Tout cela atteint son apothéose avec la conférence de presse commune de V. Poutine et A. Merkel à Moscou lors de la visite de la chancelière le 10 mai. Pas le 9, les Etats Unis étaient contre la visite des chefs d'Etat européen en Russie pour célébrer la victoire du monde libre contre le nazisme et le fascisme. Question de symbole, donc de pouvoir, Moscou ne peut être le lieu de cette célébration. Mais il faut garder les apparences, donc Merkel vient le 10, regrette les atrocités nazies, pose des fleurs, bref fait tout ce qu'il faut ... mais ni quand il le faut ni comme il le faut. Donc l'effet est radicalement différent et le message n'est pas celui de l'unité face à l'horreur.
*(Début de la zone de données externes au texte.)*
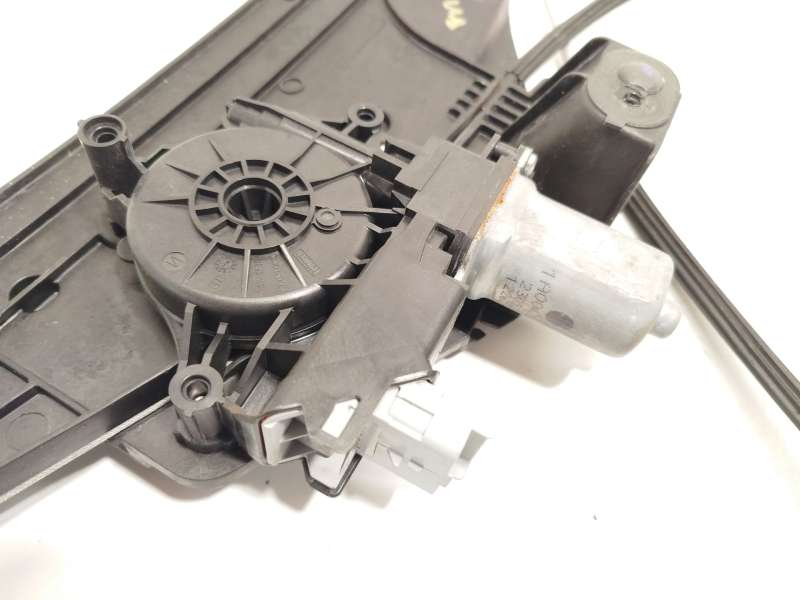 Recambio de elevalunas delantero derecho para peugeot 2008 ii (ud_, us_, uy_, uj_, ur_, uc_) 1.2 puretech 100 referencia OEM IAM - Negro 3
V. Poutine commence par souligner le fait que les relations germano-russes ne vivent pas leurs meilleures heures, en raison des différences d'interprétation de la situation en Ukraine. Il insiste sur la chute du volume d'échange commerciaux, chute de 6,5%, alors que le business est contre les barrières politiques arbitrairement mises en place par l'Union européenne. Et chose surprenante, alors que la Russie avait reconnu les élections présidentielles ukrainiennes, peut être un peu vite, le président V. Poutine insiste et recoure expressément à l'expression "coup d'Etat inconstitutionnel" à Kiev, "coup d'Etat" qui est interprété différemment selon les pays. L'ambiance est posée. Et A. Merkel continue dans le même sens parlant de "l'annexion de la Crimée par la Russie" en face de V. Poutine, ce qui est très fort et à la limite de l'insulte en diplomatie. Bref, le divorce est consommé. Le mythe des bonnes relations germano-russes malgré le contexte géopolitique a pris fin. Une nouvelle réalité est née, plus proche des faits.

L'Europe, l'Allemagne en tête prend fait et cause pour le camp américain. La Russie en prend acte et démontre ne pas vouloir modifier sa politique européenne pour autant, actant dans le même temps son virage asiatique. La nouvelle carte est officiellement posée. Les jeux sont faits. Le 12 mai, J. Kerry vient en Russie. A l'ordre du jour beaucoup de questions, notamment l'Ukraine. Mais pas les sanctions. Ce qu'affirme le porte-parole du Kremlin. Traduction : la Russie ne va pas vendre sa position, elle n'est pas là pour s'abaisser à négocier un "pardon".